WHARE TAONGA was a collaboration, with hapu and iwi involved in the story-telling process for their whare.

The first eposide, Mataatua, visits Whakatane, where Ngati Awa’s whare nui Mataatua was re-opened last year after more than 130 years travelling the world.

The whare, built in 1875, left home in 1879 on the orders of the Government, which sent it as an exhibit to Sydney, Melbourne, London and then Dunedin.

By the time it was returned to Ngati Awa in 1996 as part of a Treaty of Waitangi settlement, Mataatua was badly damaged; its restoration and reopening in 2011 was an emotionally and historically significant event for the tribe.

In the other episodes:

Te Pa o Parihaka visits the whare housing the stories of Taranaki’s pacifist revolution.

Te Tiriti o Waitangi explores the humble whare nui at the centre of our Treaty history.

Hinemihi tells the story of a whare nui that survived the destruction of the 1886 Tarawera eruption, only to be to be relocated to an English estate.

Te Aute visits the Hawke’s Bay college of the same name, opened in 1854, and reflects on its history through the eyes of former students, among them Māori Television presenter Julian Wilcox.

Tatai Hono visits the inner Auckland church and marae of the same name that became a cultural centre for urban Māori in the 1960s. The late Canon Hone Kaa is among those who tells its stories, and the interview he gave for WHARE TAONGA is believed to have been his last.

Tama te kapua explores the ornately-carved whare nui that embodies the Arawa waka captain Tama te kapua.

Hinemahuru travels to East Cape, where Hinemaharu and the stunning Raukokore Church hold the histories of Te Whānau a Apanui.

Tapeka records the story of Ngati Tuwharetoa’s whare nui overlooking Waihi Beach.

Te Rewarewa visits the Ngai Tuhoe marae of the same name at Ruatoki, which has, unusually, two whare nui – Te Rangi Moaho and Te Kura Mihirangi. Tame Iti is among those who recount their stories.

Te Rere i Tiria tells the story of Tumatauenga at Moerewa, built in memory of the Maori Battalion and one of the few carved whare nui in Te Tai Tokerau.

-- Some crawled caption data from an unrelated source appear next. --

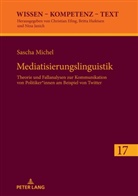 Sascha Michel, Christian Efing - Mediatisierungslinguistik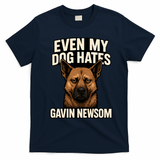 Funny Political: Even My Dog Hates Gavin Newsom T-Shirt - Navy Blue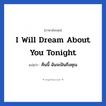I will dream about you tonight แปลว่า?, วลีภาษาอังกฤษ I will dream about you tonight แปลว่า คืนนี้ ฉันจะฝันถึงคุณ หมวด ความรัก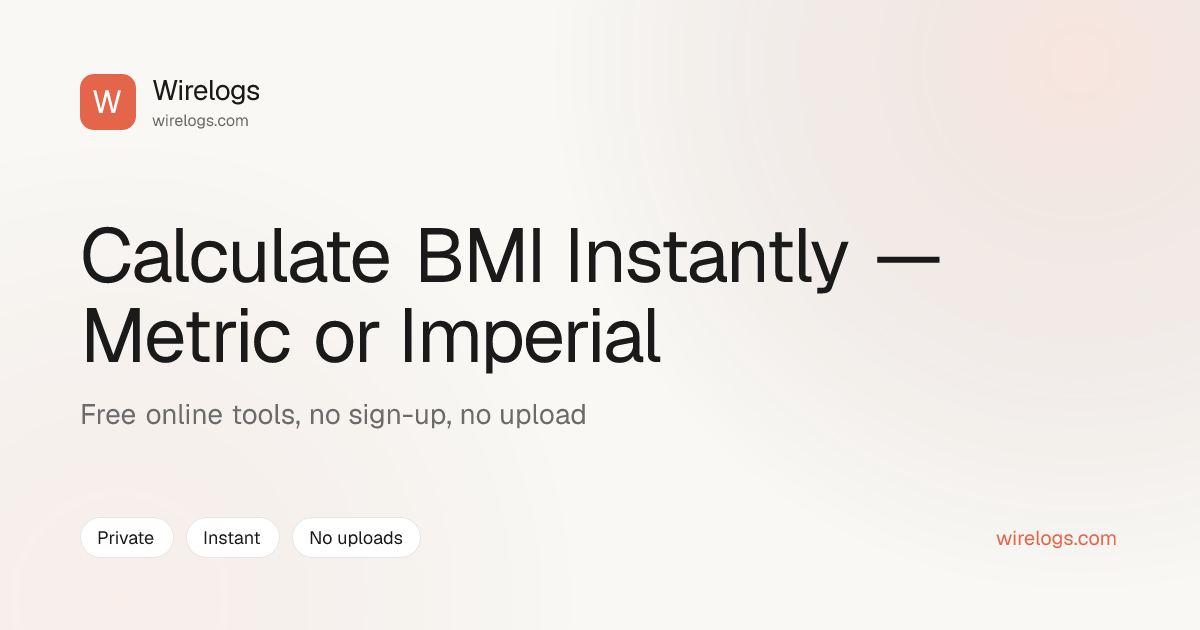 Calculate BMI Instantly — Metric or Imperial | Wirelogs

St Paul’s Memorial Church tells the story of Whanganui’s strikingly-decorated monument to Christianity.

Te Poho o Kahungunu visits the 100-year-old Porangahau whare nui of the same name, which remains one of master carver Ihakara Hokowhitu McGregor’s greatest achievements.

WHARE TAONGA has been created by Scottie Productions, which made the popular and award-winning Māori Television series WHARE MAORI (winner, Best Information Programme, Aotearoa Film and Television Awards).

WHARE TAONGA is another lovingly-crafted series that allows iwi to share their celebrated buildings with all of Aotearoa.

The New Zealand Historic Places Trust Pouhere Taonga says that WHARE TAONGA is a long-overdue exploration.

Kaihautu Te Kenehi Teira says, “We, us, the nation are so lucky that this series is finally picking up this whole unexplored area of our culture and heritage.”